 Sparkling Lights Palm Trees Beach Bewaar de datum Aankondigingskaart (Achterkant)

* * *

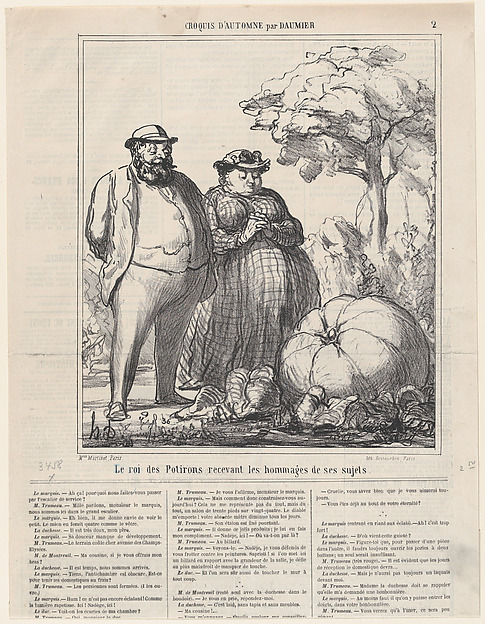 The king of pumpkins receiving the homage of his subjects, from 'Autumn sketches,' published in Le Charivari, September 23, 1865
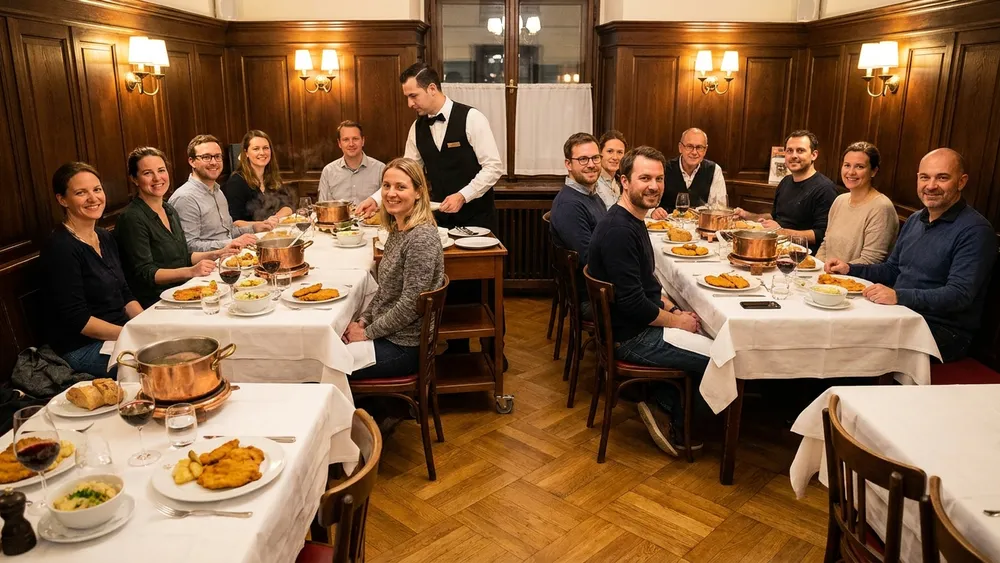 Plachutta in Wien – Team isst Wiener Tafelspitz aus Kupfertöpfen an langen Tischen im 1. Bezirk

About this exercise »
What should come back is an exact copy of the lines above from the line with "The king of" to the line with "Plachutta in Wien", both included, minus the pictures.

Answer below »
 The king of pumpkins receiving the homage of his subjects, from 'Autumn sketches,' published in Le Charivari, September 23, 1865
 Plachutta in Wien – Team isst Wiener Tafelspitz aus Kupfertöpfen an langen Tischen im 1. Bezirk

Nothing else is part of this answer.